Will cybersecurity put the brakes on transformation?

There’s no gain without pain, apparently. But the level of pain clients are willing to put up with to transform their organisations seems to be changing.

We all know that digital transformation is big business. No right-minded client would contemplate such a large-scale programme without thinking carefully about the potential barriers and risks involved. But their attitude has been positive, their assumption being that the barriers can be overcome and the risks solved. Moreover, the size of the prize justifies pushing through strategies that may worry some. If an initiative isn’t outside your comfort zone then it’s probably not transformational.

But, with the recent spate of high-profile cybersecurity problems, the worriers are starting to take centre stage. In the last two months, I’ve spoken to half a dozen firms who say that transformation projects have been cancelled or put on hold pending confirmation that all the possible cyber threats have been managed. And, of course, that’s just not possible: new ways of punching through organisations’ firewalls are evolving daily. We’re not, and never will be again, safe. At the same time, how will an organisation be able to justify proceeding with a transformation project when it knows that it may open it up to new cyber threats? Executives, sitting round the board table to decide on whether to go ahead with their investment, won’t like what they hear, that they can’t protect themselves entirely. That’s quite a different situation to one where clients find that their existing systems are vulnerable. In those circumstances, everyone’s keen to fix the problem. But a new project, such as a transformation programme, introduces new risks, ones that could be avoided by not taking action. Inertia could suddenly sound quite attractive.

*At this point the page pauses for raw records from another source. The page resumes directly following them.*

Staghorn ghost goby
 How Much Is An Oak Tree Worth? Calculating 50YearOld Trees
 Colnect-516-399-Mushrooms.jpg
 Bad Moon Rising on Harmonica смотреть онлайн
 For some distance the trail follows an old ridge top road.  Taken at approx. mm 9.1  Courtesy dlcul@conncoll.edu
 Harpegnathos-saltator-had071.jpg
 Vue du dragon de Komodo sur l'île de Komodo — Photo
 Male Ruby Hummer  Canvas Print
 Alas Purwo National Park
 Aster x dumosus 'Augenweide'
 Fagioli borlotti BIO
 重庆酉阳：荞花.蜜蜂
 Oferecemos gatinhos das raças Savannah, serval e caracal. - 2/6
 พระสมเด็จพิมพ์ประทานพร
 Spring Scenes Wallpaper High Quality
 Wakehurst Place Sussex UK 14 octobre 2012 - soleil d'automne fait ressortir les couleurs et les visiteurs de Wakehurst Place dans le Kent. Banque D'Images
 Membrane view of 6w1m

If consulting firms want the digital transformation market to continue growing at its current rate (20% plus in mature consulting markets), then they need to find an answer to this problem. Ostensibly, that’s comparatively simple, in the sense that larger firms will have both transformation and cyber security expertise in-house. The challenge, though, will come from joining these two capabilities up, to being able to give the client an integrated experience, not a disjointed one, despite the very different skill sets and, frankly, cultures involved in these two types of work. Put a design expert in a room with a security consultant, and you’ve got a fairly combustible situation.

But fail to put them in a room and get them to work together and you’ve got a much, much smaller transformation market. The choice is yours.